The Colorado Libertarian Party filed suit in Denver District Court yesterday over the implementation of the new election law and the ensuing patchwork of residency requirements. The El Paso County Clerk and Recorder’s Office was named as a defendant in the suit, along with the Colorado Secretary of State and three other county clerk offices.
The crux of the suit is that the recently enacted HB13-1303 permitted same day voter registration but did not change long-established residency requirements to vote in certain elections. Colorado law requires non-property owners to reside in a special district for at least 30 days in order to vote in an election for that special district. Similarly, voters must live in a school district for at least 25 days in order to vote for school district directors; but do not have a similar residency requirement to vote on other school district questions—like School District 38’s questions 3A—or on state ballot questions.

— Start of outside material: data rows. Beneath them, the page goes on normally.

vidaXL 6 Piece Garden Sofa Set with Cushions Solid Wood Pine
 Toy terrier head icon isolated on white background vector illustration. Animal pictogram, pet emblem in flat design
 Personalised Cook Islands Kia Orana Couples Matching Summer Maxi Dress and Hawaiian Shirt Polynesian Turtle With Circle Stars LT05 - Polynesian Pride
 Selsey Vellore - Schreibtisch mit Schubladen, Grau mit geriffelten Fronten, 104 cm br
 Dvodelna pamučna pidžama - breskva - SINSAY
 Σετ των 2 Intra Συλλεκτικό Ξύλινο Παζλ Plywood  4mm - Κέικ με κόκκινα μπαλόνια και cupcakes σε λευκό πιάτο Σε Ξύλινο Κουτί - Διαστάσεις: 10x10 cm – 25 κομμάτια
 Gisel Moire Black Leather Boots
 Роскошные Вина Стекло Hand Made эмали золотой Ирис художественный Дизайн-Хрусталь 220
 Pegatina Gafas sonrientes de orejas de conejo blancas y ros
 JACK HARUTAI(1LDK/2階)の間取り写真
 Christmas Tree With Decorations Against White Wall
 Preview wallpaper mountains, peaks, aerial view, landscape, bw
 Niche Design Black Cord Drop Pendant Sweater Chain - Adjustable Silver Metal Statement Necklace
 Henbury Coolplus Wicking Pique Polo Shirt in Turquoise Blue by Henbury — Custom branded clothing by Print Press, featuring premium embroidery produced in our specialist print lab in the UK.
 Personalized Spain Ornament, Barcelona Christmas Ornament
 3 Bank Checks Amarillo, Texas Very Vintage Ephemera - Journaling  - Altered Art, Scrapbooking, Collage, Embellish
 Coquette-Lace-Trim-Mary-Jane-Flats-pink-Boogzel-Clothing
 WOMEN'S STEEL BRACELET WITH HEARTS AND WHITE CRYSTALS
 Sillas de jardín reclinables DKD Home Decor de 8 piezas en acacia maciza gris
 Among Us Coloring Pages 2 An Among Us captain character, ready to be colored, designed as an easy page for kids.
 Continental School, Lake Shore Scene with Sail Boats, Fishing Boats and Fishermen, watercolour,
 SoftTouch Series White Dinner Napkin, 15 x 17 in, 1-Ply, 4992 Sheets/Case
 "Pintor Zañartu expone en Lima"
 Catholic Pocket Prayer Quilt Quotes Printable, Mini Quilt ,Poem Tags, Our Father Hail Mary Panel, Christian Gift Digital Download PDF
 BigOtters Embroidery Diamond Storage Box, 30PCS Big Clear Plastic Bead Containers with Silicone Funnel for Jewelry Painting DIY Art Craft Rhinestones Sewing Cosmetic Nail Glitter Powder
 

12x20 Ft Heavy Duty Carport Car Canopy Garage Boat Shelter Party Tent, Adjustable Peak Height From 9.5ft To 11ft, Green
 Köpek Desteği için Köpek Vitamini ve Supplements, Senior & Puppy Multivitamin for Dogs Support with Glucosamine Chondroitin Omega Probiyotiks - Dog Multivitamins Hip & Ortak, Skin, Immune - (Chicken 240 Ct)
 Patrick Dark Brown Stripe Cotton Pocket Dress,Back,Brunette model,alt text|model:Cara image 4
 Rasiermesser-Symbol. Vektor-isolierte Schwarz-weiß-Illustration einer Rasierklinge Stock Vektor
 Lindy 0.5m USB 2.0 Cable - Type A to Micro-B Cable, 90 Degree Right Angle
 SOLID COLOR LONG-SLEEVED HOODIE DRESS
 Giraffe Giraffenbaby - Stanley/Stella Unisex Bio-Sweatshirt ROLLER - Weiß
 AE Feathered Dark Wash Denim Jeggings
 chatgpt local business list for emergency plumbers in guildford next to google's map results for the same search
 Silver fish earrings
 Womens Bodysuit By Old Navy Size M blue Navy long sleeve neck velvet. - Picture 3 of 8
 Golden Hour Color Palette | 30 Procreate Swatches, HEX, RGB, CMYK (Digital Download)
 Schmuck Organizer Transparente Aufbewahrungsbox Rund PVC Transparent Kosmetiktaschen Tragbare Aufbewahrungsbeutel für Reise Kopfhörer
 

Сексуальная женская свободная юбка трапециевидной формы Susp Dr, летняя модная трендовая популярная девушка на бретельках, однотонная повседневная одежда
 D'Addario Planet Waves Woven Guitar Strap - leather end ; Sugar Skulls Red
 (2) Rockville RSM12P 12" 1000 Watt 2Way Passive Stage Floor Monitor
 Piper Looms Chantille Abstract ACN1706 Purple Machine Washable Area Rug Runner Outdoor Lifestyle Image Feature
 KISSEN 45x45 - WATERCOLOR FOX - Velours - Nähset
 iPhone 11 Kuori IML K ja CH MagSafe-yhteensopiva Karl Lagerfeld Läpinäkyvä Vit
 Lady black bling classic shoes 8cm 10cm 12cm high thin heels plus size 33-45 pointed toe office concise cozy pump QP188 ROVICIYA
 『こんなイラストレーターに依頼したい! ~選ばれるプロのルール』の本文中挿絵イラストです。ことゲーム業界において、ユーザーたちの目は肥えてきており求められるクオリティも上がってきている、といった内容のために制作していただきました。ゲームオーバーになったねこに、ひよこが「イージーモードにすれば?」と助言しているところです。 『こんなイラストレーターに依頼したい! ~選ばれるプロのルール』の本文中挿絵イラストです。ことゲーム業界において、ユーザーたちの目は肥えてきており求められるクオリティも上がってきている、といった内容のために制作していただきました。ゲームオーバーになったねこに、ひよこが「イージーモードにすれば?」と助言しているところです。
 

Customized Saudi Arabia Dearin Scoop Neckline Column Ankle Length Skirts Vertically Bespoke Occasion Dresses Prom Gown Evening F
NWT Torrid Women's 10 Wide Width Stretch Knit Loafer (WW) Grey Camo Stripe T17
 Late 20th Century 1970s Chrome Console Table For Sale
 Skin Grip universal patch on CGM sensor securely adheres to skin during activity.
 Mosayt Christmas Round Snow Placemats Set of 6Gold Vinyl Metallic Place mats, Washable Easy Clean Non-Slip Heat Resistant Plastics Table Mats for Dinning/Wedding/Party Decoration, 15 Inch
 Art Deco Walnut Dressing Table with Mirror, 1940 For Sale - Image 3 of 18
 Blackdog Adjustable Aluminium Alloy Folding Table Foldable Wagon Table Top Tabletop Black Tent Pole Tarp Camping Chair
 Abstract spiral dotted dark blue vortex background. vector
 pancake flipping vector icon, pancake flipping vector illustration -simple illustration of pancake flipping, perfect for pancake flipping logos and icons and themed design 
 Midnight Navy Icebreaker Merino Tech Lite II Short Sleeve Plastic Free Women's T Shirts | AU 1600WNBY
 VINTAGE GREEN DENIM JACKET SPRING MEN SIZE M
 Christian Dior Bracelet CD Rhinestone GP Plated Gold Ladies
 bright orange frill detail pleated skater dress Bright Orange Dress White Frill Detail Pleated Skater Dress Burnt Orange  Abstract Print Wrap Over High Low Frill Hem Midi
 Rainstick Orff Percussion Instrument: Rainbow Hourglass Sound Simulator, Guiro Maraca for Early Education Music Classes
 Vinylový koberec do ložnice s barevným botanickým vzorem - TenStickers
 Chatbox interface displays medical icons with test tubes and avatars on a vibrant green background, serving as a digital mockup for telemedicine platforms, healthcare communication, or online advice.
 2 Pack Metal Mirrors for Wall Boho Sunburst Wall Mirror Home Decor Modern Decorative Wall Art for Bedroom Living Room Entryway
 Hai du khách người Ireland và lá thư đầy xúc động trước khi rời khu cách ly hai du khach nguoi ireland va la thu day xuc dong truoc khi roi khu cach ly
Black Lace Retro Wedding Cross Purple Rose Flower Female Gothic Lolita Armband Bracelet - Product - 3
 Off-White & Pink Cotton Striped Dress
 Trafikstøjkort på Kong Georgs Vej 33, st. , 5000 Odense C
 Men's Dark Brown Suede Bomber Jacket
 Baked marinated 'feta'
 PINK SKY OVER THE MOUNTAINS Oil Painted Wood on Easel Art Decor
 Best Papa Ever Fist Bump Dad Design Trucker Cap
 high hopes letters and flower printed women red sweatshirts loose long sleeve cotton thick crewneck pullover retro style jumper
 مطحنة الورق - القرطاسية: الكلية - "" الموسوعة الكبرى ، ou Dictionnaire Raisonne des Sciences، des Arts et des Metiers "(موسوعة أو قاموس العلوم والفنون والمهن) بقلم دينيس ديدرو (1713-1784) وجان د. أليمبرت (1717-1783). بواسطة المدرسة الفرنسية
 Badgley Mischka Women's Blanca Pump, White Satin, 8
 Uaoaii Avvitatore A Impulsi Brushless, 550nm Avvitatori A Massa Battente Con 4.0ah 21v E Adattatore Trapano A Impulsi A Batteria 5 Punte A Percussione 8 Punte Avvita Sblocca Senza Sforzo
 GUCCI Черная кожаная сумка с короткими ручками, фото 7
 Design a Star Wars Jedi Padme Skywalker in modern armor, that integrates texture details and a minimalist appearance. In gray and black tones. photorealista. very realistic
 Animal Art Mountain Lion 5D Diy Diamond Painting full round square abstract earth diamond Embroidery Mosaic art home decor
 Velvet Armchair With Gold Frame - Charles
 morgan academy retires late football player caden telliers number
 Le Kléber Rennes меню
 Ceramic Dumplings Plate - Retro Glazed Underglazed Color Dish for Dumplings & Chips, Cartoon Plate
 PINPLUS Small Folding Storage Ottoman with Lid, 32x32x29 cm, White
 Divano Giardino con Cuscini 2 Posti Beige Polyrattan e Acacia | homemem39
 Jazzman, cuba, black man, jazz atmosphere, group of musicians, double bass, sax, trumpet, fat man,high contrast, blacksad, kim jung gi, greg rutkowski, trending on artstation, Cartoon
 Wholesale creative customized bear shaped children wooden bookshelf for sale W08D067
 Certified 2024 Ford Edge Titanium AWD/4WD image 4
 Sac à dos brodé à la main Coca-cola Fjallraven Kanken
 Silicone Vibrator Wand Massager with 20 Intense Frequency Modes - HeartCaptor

The inconsistent requirements are a direct result of the newly enacted law and limit the opportunities of citizens who move less than 30 days before the election to vote on certain matters. The new law removed the right that those who recently moved had to cast a ballot for every question at their prior residence.
Approximately 700 El Paso County residents may be affected by these varying residency requirements. El Paso County mailed each of these individuals a Self-Affirmation Form (attached) to maximize voting opportunities. “We wanted to ensure that every citizen had the opportunity to vote on every race they legally could,” noted El Paso County Clerk and Recorder Wayne Williams. “We submitted our procedures to the Secretary of State to ensure compliance with Colorado law.”
While El Paso County is following the law’s residency requirements, the suit alleges that some counties are not following the law, and that the application of the law should be uniform.
In response to the lawsuit, Clerk and Recorder Wayne Williams stated: “This lawsuit illustrates one of a number of problems with the hastily passed HB13-1303. That is why citizens and newspapers alike from across the state urged lawmakers to slow down as the bill was rushed through the legislature. I urge the legislature to address the numerous issues with the law when they reconvene. Until they do so, Coloradans concerned about the issues with the law will continue to seek judicial solutions. While we will fully cooperate with the litigation process, fixing the issues with the law really is the responsibility of the legislature.”